My takeaway is that she values Tolstoy for his explicitness—for the way in which he puts everything on the page, questing to make himself understood by the reader as completely as possible, while providing lushly lived in details, characters, and scenes for the reader to romp among. Tolstoy is the opposite of poetry, since so much of the action for poetry is conceptual—it happens in the reader's head, an action taken, and communication of anything whatsoever is a secondary or tertiary goal. Dostoyevsky offers a sort of middle ground, maybe, given the hyperallegorical character she ascribes to him. It's interesting that her book and its final essay take their titles not from Tolstoy but from Dostoyevsky's most enigmatic novel, which she explains rather brilliantly as being about the empty center that holds/fails to hold its characters and their increasingly demented actions together, the enigmatic Stavrogin.

I won't repeat her argument here. But as a poet who's taken up with the project of fiction, I certainly feel that Dostoyevsky offers a more conducive writerly terrain than Tolstoy does. Certainly, more than Tolstoy, he breaks all the Puritanical creative writing rules: he tells and tells, he uses five words where one would do, he's acutely interested in psychology and uninterested in the tenets of realism, and he's curious. His novels are intensively researched investigations into human character, thought experiments in the highest sense of the word.
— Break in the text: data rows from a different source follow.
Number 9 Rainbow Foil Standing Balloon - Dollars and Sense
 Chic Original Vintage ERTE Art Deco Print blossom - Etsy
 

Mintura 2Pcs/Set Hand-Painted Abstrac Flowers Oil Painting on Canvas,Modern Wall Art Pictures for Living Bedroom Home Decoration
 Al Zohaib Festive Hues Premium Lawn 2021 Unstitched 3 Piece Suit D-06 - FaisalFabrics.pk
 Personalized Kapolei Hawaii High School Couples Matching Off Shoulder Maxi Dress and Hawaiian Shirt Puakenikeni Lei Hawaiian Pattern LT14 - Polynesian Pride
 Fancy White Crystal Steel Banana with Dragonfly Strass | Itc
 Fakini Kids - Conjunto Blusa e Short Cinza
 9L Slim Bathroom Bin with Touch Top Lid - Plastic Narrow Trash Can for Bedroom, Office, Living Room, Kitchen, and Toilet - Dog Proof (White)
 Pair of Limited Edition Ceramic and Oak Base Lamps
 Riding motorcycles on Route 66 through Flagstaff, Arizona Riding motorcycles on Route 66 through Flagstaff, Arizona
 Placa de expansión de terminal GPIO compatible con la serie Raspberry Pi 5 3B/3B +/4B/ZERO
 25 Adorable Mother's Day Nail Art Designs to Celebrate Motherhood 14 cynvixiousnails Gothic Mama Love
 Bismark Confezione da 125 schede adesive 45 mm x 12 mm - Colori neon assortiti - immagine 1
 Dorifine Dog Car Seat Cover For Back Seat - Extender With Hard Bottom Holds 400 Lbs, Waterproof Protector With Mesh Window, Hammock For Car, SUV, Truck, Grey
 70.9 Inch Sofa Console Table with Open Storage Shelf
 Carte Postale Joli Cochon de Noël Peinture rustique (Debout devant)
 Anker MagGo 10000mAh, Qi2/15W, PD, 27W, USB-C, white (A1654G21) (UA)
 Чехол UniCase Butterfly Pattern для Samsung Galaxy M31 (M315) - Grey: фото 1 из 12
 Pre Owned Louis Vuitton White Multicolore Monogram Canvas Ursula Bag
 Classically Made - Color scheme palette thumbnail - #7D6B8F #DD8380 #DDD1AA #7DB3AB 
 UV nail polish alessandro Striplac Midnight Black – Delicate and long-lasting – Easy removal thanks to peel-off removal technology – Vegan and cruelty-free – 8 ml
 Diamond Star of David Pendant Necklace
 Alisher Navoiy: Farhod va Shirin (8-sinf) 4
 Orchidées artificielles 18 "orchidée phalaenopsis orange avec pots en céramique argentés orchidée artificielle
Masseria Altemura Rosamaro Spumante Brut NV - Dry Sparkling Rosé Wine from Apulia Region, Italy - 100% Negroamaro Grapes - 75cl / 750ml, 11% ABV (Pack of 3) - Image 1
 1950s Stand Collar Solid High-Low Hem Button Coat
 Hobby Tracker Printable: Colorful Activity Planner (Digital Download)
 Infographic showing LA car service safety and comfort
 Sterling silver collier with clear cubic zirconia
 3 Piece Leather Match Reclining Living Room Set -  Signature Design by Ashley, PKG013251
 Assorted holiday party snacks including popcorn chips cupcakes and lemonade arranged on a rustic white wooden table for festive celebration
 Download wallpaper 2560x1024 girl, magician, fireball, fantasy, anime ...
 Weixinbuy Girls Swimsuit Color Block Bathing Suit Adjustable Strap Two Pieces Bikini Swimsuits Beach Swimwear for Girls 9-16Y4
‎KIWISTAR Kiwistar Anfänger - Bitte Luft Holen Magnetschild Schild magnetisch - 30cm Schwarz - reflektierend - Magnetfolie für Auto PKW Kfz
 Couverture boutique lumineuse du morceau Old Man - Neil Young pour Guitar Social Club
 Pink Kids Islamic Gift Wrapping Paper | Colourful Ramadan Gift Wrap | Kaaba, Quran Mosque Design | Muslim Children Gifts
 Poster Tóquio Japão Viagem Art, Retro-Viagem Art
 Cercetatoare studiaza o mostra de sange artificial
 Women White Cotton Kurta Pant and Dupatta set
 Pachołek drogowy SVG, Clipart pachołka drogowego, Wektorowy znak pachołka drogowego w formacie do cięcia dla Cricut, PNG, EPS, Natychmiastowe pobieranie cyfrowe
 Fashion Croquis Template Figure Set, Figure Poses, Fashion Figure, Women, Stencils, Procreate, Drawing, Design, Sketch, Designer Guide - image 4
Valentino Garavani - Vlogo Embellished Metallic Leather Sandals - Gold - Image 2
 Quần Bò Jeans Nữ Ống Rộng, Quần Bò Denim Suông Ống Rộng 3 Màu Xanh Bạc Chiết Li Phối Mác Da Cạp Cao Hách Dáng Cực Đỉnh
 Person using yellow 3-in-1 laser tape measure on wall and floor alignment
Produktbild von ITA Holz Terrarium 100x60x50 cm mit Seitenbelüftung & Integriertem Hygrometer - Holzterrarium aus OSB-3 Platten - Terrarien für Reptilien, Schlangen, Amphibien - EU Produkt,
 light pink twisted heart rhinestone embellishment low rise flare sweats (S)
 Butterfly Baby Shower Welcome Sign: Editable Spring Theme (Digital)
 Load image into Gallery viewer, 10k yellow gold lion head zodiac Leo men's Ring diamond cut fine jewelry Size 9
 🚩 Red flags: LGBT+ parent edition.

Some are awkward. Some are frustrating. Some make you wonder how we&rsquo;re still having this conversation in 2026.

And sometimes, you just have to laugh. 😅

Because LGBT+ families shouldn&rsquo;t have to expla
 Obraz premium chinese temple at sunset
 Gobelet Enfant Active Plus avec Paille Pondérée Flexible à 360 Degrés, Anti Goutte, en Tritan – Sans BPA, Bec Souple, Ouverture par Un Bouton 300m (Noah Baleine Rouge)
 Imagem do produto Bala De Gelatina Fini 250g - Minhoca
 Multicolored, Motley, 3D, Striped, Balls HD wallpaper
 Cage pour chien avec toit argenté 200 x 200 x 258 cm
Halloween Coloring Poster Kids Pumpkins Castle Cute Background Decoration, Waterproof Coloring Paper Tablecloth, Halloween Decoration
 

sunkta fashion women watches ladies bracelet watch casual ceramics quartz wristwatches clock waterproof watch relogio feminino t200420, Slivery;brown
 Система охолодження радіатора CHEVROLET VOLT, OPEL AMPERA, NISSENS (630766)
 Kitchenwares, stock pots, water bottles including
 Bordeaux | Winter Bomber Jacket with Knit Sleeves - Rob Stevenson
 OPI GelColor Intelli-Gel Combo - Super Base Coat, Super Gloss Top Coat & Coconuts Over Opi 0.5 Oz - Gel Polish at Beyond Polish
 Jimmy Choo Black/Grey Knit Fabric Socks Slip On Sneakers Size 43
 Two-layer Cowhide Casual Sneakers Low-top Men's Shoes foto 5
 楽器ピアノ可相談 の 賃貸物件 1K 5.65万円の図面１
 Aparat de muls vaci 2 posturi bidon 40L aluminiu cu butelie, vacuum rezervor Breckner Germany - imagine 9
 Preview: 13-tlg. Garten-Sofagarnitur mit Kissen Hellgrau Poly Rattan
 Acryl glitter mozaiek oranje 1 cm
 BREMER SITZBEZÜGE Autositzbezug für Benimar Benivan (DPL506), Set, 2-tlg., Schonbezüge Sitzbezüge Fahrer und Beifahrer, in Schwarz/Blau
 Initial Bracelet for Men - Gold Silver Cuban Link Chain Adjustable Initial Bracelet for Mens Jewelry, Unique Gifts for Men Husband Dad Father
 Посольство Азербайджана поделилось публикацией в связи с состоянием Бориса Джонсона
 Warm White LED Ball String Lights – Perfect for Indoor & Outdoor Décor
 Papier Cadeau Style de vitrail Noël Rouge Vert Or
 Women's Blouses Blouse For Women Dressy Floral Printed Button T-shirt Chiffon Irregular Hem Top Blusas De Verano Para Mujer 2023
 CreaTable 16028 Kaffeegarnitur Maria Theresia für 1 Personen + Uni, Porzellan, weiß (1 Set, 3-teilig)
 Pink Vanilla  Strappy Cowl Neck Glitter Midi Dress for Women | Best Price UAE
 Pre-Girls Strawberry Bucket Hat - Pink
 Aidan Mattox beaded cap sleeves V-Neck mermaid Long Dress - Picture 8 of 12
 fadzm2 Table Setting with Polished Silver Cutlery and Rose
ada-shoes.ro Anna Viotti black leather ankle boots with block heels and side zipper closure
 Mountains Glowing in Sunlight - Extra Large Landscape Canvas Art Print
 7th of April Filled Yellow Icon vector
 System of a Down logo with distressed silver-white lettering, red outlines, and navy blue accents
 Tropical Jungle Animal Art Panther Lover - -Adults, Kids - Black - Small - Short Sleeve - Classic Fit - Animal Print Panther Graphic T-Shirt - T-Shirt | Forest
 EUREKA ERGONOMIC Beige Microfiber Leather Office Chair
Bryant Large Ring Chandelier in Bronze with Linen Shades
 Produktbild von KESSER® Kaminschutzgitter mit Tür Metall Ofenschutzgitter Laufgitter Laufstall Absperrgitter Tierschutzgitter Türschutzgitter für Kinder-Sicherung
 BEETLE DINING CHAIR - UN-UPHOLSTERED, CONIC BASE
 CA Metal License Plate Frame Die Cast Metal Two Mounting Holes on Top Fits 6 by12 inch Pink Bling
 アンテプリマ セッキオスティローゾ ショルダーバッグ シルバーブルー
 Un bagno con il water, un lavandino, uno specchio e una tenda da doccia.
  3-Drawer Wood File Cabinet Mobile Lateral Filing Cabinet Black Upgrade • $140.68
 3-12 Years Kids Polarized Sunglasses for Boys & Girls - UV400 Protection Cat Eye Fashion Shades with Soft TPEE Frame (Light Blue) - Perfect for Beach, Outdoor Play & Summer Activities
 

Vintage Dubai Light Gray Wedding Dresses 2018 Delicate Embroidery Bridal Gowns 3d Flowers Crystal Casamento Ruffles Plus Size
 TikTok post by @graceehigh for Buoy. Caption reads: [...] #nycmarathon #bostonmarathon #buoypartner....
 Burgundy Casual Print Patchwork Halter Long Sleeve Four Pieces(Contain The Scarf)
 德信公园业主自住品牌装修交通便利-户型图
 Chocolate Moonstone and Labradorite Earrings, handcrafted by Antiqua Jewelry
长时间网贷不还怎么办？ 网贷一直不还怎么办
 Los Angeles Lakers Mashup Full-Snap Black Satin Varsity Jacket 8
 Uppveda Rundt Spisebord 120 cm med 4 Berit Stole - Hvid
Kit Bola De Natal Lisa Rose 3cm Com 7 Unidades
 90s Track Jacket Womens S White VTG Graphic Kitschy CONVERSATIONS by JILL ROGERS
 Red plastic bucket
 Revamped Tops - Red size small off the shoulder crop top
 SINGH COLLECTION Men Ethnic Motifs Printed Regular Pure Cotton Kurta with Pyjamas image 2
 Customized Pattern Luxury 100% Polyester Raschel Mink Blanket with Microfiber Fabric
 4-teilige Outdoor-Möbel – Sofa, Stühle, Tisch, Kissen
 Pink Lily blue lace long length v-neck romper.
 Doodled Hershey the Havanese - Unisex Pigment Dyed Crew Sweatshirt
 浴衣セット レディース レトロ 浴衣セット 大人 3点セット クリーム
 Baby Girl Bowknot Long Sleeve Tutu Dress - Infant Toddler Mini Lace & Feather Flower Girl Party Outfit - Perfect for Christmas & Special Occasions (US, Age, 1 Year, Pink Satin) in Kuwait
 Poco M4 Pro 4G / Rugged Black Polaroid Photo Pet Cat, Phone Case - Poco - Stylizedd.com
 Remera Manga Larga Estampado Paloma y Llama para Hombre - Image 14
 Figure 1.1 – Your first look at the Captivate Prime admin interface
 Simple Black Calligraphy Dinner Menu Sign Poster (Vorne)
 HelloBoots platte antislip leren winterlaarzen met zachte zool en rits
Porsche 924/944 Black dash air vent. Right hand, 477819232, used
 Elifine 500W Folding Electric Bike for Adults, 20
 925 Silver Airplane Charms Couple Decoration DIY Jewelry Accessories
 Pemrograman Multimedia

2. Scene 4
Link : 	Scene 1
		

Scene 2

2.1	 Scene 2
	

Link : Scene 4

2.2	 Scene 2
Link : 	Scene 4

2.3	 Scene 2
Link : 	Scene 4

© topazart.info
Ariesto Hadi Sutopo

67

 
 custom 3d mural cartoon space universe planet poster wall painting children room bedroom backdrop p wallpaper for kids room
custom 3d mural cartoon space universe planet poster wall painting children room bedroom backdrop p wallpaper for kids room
They're messy, they don't always make sense, the rhythms of their plots are mysterious and sometimes uncomfortable for the reader whose first question of any novel is always And then what happened? They're nothing like poetry if we think dichten = condensare. They're everything like poetry if poetry is the patterning in language of the half-grasped, the half-understood, which the reader must grapple with and experience and never quite complete. The act of reading such texts stimulates and exalts one's own curiosity.

The pleasure of finding things out. That's my creative writing program. I am still working to construct a pedagogy, as well as a practice, based upon that. I'm grateful to Elif Batuman for helping me come a step closer to that.